DATASET CONTENT |
══════

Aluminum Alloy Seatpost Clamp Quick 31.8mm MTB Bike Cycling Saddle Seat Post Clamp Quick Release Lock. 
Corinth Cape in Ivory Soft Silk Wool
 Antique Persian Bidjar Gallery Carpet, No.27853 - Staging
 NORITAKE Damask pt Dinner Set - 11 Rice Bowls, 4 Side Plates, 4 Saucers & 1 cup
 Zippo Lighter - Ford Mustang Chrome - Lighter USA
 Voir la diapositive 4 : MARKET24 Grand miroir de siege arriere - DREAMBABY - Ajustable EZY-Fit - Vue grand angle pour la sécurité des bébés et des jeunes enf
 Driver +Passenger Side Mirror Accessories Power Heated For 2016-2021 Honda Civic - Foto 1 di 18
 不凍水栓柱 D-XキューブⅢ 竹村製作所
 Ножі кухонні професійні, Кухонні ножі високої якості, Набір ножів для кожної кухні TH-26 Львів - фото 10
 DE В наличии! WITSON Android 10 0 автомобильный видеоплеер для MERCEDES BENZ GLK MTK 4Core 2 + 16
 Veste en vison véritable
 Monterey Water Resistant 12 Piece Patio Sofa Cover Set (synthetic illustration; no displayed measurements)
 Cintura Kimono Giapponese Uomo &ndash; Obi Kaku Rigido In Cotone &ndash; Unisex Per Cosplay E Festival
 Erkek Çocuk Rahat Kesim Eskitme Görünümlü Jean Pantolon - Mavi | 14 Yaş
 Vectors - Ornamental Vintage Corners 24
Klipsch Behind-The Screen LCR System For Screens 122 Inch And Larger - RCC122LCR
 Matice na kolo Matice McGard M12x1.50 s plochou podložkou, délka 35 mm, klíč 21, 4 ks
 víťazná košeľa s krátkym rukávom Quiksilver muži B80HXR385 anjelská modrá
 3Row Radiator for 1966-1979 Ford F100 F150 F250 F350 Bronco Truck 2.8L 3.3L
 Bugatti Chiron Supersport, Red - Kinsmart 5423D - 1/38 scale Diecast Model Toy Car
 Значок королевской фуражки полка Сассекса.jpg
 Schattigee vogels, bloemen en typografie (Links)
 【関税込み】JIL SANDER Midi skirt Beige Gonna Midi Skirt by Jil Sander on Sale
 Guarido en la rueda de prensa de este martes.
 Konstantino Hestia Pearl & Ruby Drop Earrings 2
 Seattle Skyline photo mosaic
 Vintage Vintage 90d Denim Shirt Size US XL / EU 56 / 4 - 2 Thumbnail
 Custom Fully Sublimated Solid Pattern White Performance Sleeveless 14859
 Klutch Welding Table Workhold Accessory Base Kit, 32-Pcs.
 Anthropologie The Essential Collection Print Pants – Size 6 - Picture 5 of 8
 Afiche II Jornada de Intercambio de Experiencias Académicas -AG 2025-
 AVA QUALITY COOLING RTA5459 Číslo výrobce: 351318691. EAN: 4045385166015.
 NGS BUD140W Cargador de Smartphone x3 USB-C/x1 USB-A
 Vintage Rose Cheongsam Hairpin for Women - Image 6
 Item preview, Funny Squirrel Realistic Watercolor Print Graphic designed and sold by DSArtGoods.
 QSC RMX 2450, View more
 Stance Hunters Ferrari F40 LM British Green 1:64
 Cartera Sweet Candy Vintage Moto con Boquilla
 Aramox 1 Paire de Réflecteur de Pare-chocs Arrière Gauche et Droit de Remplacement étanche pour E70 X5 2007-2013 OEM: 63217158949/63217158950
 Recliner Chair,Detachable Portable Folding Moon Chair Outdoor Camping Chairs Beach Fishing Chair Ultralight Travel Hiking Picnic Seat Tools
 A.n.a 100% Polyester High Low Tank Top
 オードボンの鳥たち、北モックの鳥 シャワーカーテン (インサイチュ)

══════

WHAT YOU HAVE TO DO | From the entries above, write out only the lines starting at the line that holds "Erkek Çocuk Rahat" and ending at the line that holds "Aramox 1 Paire", keeping both and matching them exactly.

TASK OUTPUT |
 Erkek Çocuk Rahat Kesim Eskitme Görünümlü Jean Pantolon - Mavi | 14 Yaş
 Vectors - Ornamental Vintage Corners 24
Klipsch Behind-The Screen LCR System For Screens 122 Inch And Larger - RCC122LCR
 Matice na kolo Matice McGard M12x1.50 s plochou podložkou, délka 35 mm, klíč 21, 4 ks
 víťazná košeľa s krátkym rukávom Quiksilver muži B80HXR385 anjelská modrá
 3Row Radiator for 1966-1979 Ford F100 F150 F250 F350 Bronco Truck 2.8L 3.3L
 Bugatti Chiron Supersport, Red - Kinsmart 5423D - 1/38 scale Diecast Model Toy Car
 Значок королевской фуражки полка Сассекса.jpg
 Schattigee vogels, bloemen en typografie (Links)
 【関税込み】JIL SANDER Midi skirt Beige Gonna Midi Skirt by Jil Sander on Sale
 Guarido en la rueda de prensa de este martes.
 Konstantino Hestia Pearl & Ruby Drop Earrings 2
 Seattle Skyline photo mosaic
 Vintage Vintage 90d Denim Shirt Size US XL / EU 56 / 4 - 2 Thumbnail
 Custom Fully Sublimated Solid Pattern White Performance Sleeveless 14859
 Klutch Welding Table Workhold Accessory Base Kit, 32-Pcs.
 Anthropologie The Essential Collection Print Pants – Size 6 - Picture 5 of 8
 Afiche II Jornada de Intercambio de Experiencias Académicas -AG 2025-
 AVA QUALITY COOLING RTA5459 Číslo výrobce: 351318691. EAN: 4045385166015.
 NGS BUD140W Cargador de Smartphone x3 USB-C/x1 USB-A
 Vintage Rose Cheongsam Hairpin for Women - Image 6
 Item preview, Funny Squirrel Realistic Watercolor Print Graphic designed and sold by DSArtGoods.
 QSC RMX 2450, View more
 Stance Hunters Ferrari F40 LM British Green 1:64
 Cartera Sweet Candy Vintage Moto con Boquilla
 Aramox 1 Paire de Réflecteur de Pare-chocs Arrière Gauche et Droit de Remplacement étanche pour E70 X5 2007-2013 OEM: 63217158949/63217158950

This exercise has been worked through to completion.